We can calculate area of a spherical circle by using integral calculus as well. We assume that our circle is centered at the point \((1,0,0)\), and that the circle lies in the plane \(x=x_0\), parallel to the \(yz\)-plane, as in Figure 5. Then the interior of the circle is a surface of rotation, its area given by the integral

\[A=2\pi\int_{x_0}^1 y\left(1+\left[\frac{dy}{dx} \right]^2 \right)^{1/2} dx\]

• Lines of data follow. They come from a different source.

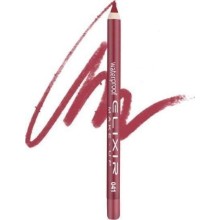 Μολύβι Χειλιών Elixir Make-Up Waterproof Lip Liner #041 Red Cherry 5gr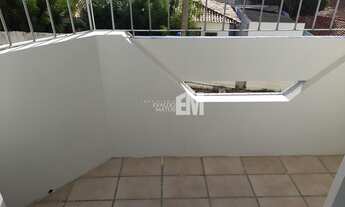 Imagem 2: Apartamento para aluguel, 3 quartos, 1 suíte, 2 vagas, Piçarra - Teresina/PI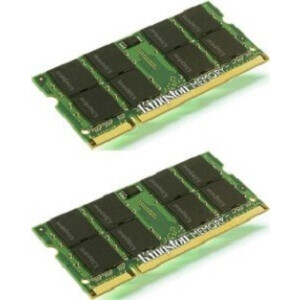 Kingston HyperX ValueRAM 16GB DDR3 1600MHz Kit - 16 GB -...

Substituting \(y=(1-x^2)^{1/2}\) into this equation gives us a particularly simple integral, evaluating to

(1)\[A=2\pi(1-x_0)\]

Since we are interested in the relationship between area and radius, we now calculate the radius of the circle in terms of \(x_0\). Recall, radius in spherical geometry is as measured on the surface of the sphere. In other words, the radius can be seen as the arclength of the curve \(y=(1-x^2)^{1/2}\) from \(x=x_0\) to 1. Then we obtain the integral

\[r=\int_{x_0}^1\left(1+\left[\frac{dy}{dx} \right]^2 \right)^{1/2}dx\]

Making the appropriate substitutions yields \(r=\pi/2-\arcsin x_0\), or in reverse, \(x_0=\sin(\pi/2-r)=\cos r\). Note that substitution of this value into Equation (1) gives us

(2)\[A=2\pi-2\pi\cos r\]

just as in Subsection 3.1. From here we can differentiate to verify our formula for circumference.

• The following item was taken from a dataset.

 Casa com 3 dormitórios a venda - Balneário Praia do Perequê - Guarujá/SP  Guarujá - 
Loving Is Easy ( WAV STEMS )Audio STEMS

For a spherical right triangle, we again denote the lengths of the sides \(a\) and \(b\), and the hypotenuse, that across from "the" right angle, we denote \(c\). If our spherical triangle has more than one right angle, we will have to agree on which right angle we are considering "the" right angle when we examine the "Spherical Pythagorean Theorem." Note that \(0\leq a\leq \pi\), and similarly for \(b\) and \(c\).

It is unlikely that students will discover the Spherical Pythagorean Theorem by trial and error as they might by simply examining the areas of circles constructed on each side as in Subsection 2.3. In Geometry Playground [1], we choose spherical geometry and construct a right triangle and its edge-circles as in Figure 1b, or simply open Geometry Playground with a pre-constructed spherical right triangle, and then construct the edge-circles on that right triangle as in Figure 1b.

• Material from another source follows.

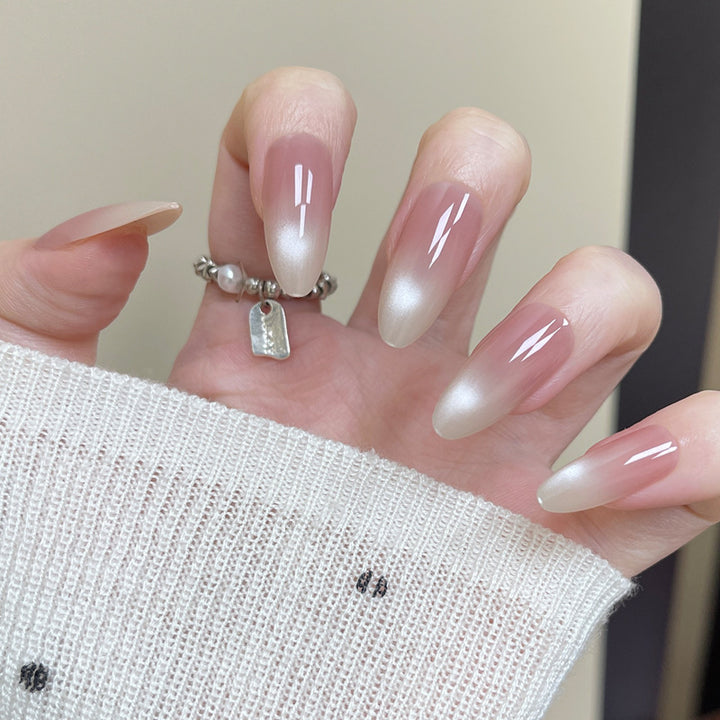 Acrylic Nail Extensions Kalsten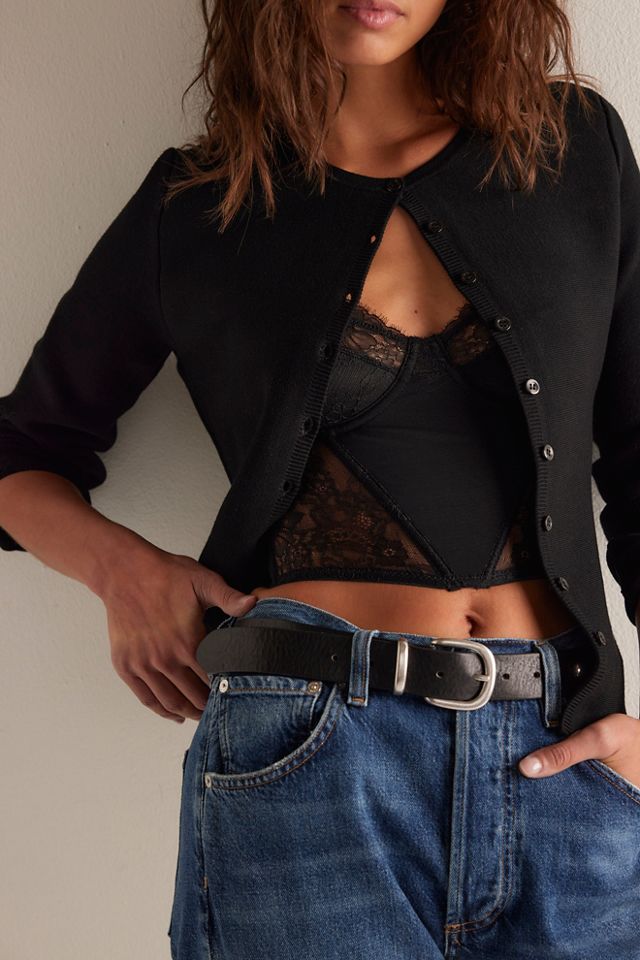 Kilo Brava Bustier #3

Measuring the area \(A\) of each circle, and calculating \(\cos r=(2\pi-A)/(2\pi)\) from Equation (2), it shouldn't take long for the relationship \(\cos a\cdot \cos b = \cos c\) to stand out. In fact, this is the "Spherical Pythagorean Theorem."

However, we live on the surface of a sphere, and usually do not calculate the length of the hypotenuse of a right triangle using this formula; we use the Pythagorean Theorem (we rarely need the Spherical version, as the sides of our right triangles are usually quite small in comparison to unit length, the radius of the sphere!). This tells us that as \(a\), \(b\), and \(c\) decrease, we should expect the Spherical Pythagorean Theorem to approach the Euclidean one. This can again be verified via MacLaurin expansion. Substituting MacLauren series \(\cos r=1-r^2/2!+r^4/4!-\dots\) for \(\cos a\), \(\cos b\), and \(\cos c\), we obtain

\[\left(1-\frac1{2!}a^2+\frac1{4!}a^4-\dots \right)\left(1-\frac1{2!}b^2+\frac1{4!}b^4-\dots \right)=1-\frac1{2!}c^2+\frac1{4!}c^4-\dots\]

Distributing the left, we arrive at \(1-\frac1{2!}a^2-\frac1{2!}b^2+\dots=1-\frac1{2!}c^2+\dots\)*,* with all remaining terms of degree 4 or higher. Since we are assuming \(a\), \(b\), and \(c\) are all small, we ignore the higher order terms. Canceling the constant terms and multiplying by \(-2\), we obtain the Euclidean Pythagorean Theorem.